What each platform actually does — beyond the marketing copy
**Relativity aiR** is not a separate product — it is a generative AI layer that runs on top of RelativityOne, the cloud version of the document review platform that has been the de facto standard in large-matter e-discovery for fifteen years. The aiR family in 2026 includes aiR for Review (first-pass responsiveness and issue coding), aiR for Privilege (privilege identification with reasoning), and aiR for Case Strategy (matter-level insight generation). Critically, aiR sits on top of the existing per-GB pricing stack — you still pay to host, still pay to process, and now you pay again to let the AI look at the documents. Source: https://www.relativity.com/data-solutions/air/.
**Everlaw** built its AI features natively into the platform rather than charging separately, which is the most consequential pricing decision in this category. EverlawAI Assistant — launched in 2023, materially upgraded through 2025 — handles document summarization, deposition outline generation, document-level Q&A, and a writing-review feature that flags weak passages in motions.
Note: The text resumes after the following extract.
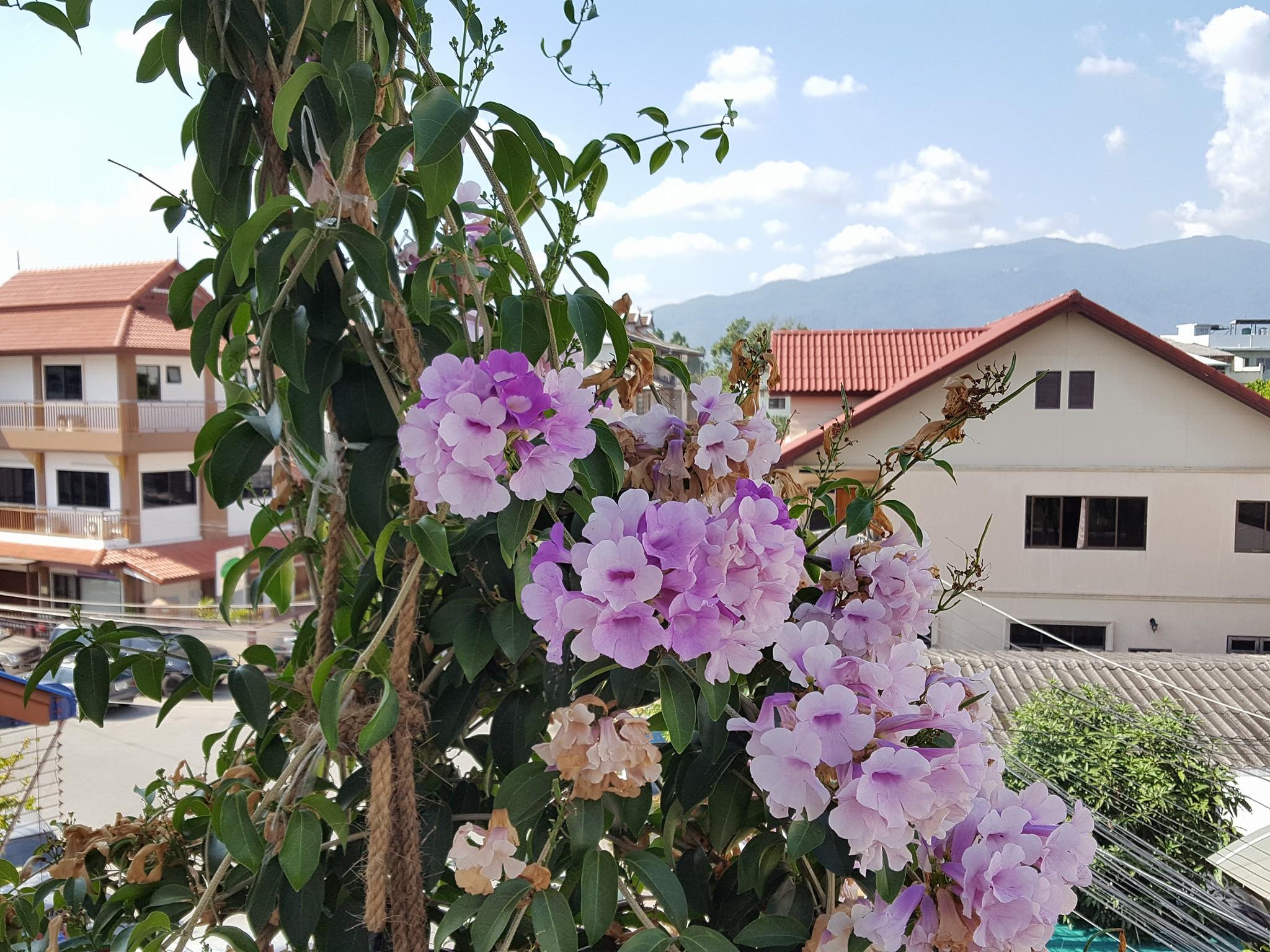 Bed and Terrace Guesthouse Chiang Mai 15/15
Because seats are the unit of pricing, you can run AI across an unlimited document volume without watching a meter spin. The tradeoff: seats are not cheap, and Everlaw caps your scaling differently than the per-GB vendors. Source: https://www.everlaw.com/pricing/.
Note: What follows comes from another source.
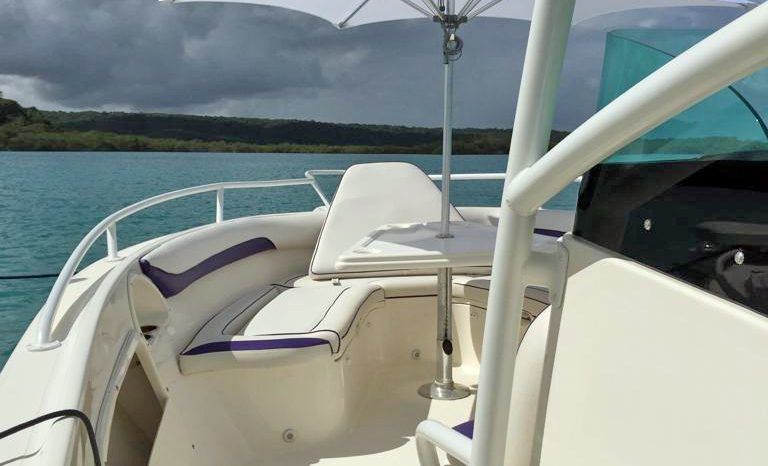 
								PROMARINE OPEN 33 full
**Disco** rebuilt its review platform on a modern stack in 2018-2020 and added Cecilia AI as a first-class feature in 2023, with substantial generative additions in 2024-2025. Cecilia handles prompt-based review (write a natural-language prompt, code the entire population), document summaries, and timeline extraction. The platform sells per-matter, which is a category-defining choice — if your firm runs 30 matters a year of similar size, your costs are highly predictable. Source: https://www.csdisco.com/pricing.
The three platforms converge on capability — by mid-2026, all three can do generative responsiveness review, generative privilege, document summaries, and depo prep — but diverge sharply on how they charge and where they win. **Relativity aiR** wins when the matter is huge, the data is messy, and the litigation strategy demands every tool the ecosystem can offer. **Everlaw** wins when you have a stable team and want to stop budgeting by gigabyte. **Disco** wins when you run a steady book of mid-market matters and want a fixed per-matter line item.
A note on terminology: 'AI features' in 2024 mostly meant predictive coding (TAR 2.0) and CAL workflows. In 2026, the entire category has moved to GPT-4-class generative models with retrieval-augmented grounding. All three vendors run their AI in tenant-isolated environments with vendor-attested no-training agreements — none of them train on customer data. Verify that contractually before signing. The capability gap between the three on generative review accuracy is small and closing.